Frequently Asked Questions

First version: Sat Apr 25 2026 19:00:00 GMT-0500 (Central Daylight Time) Last update: Sat Apr 25 2026 19:00:00 GMT-0500 (Central Daylight Time)

What is Deep Research?

Deep Research is a technique that gives modern LLMs access to search, allowing them to cite sources based on your directions or intent for higher quality outputs tied to verifiable sources. They are extended sessions that utilize reasoning models, and most major LLM labs currently have one of these.

What models do you use?

Whatever is best for the task. ChatGPT deep research, Claude with extended thinking, Gemini Deep Research, and others. The model is listed on each entry.

What will I learn from these articles?

The text is the source, read it.

Is this beginner-friendly?

Who is beginner, and why is he looking for friends? Knowledge is better than friends.

Does this assume prior knowledge?

There is no guarantee. Some lists are made for me, some are made to reimagine how I would learn something from scratch in a more efficient way if I could go back. Others are designed around my aspirations of teaching certain topics and developing curricula.

Can I apply this to coding?

Where it already applies.

Can I apply this to research?

That is the goal.

Can I apply this to thinking better?

If it holds, you will not need to ask.

Was this written by AI?

Yes. This project is specifically centered around AI accelerated learning, not new original research. The deep research capabilities of models are much better suited to things simpler such as the creation of curricula, finding of resources, and providing a decent synopsis of a field to point you in various directions of where to start your own rabbit hole.

Are these actual citations or just references?

Both, depending on the article. Deep research models work by reading pages on the web and pulling information from them. Each numbered citation in an article maps to an entry in the sources panel, which links to the original page the model consulted. The model reads these sources as input tokens, reasons over them, then produces the article as output tokens. These are not hallucinated URLs. The model actually visited and read each source during its research session. Whether a given citation is a direct quote, a paraphrase, or a general reference depends on how the model used that source in context.

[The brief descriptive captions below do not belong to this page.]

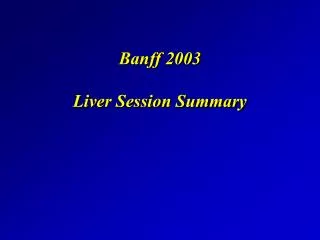 Banff 2003 Liver Session Summary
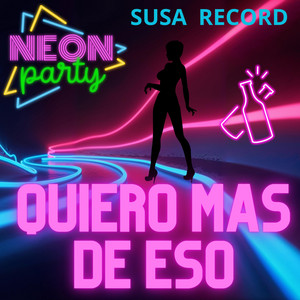 Quiero mas de eso by SUSA RECORD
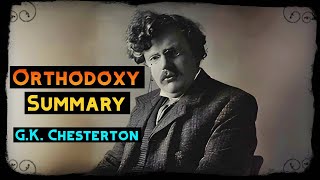 GK Chesterton  Orthodoxy Summary [upl. by Schweitzer]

How do you verify the output?

Every entry includes its sources. The research models cite their work. If a claim lacks a source, treat it with appropriate skepticism. The sources panel on each report links to everything the model referenced.

Can I see the prompts?

The prompts database is included in the repository. Each entry's slug maps to the exact prompt that generated it.

Where do I start?

Wherever you please.

Are some articles more important than others?

They were all to a degree important enough to tickle my fancy that I spent time reading them.

Maybe someday when I feel that this has become large enough or relevant enough that I ought to.

Are these worth reading?

It is not my place to decide what is worth it for you.

Why read these instead of using ChatGPT, Perplexity, etc. directly?

See the about page. More answers to come.

Can I use these reports?

Do whatever you want with them. If they help you learn something, that is the entire point.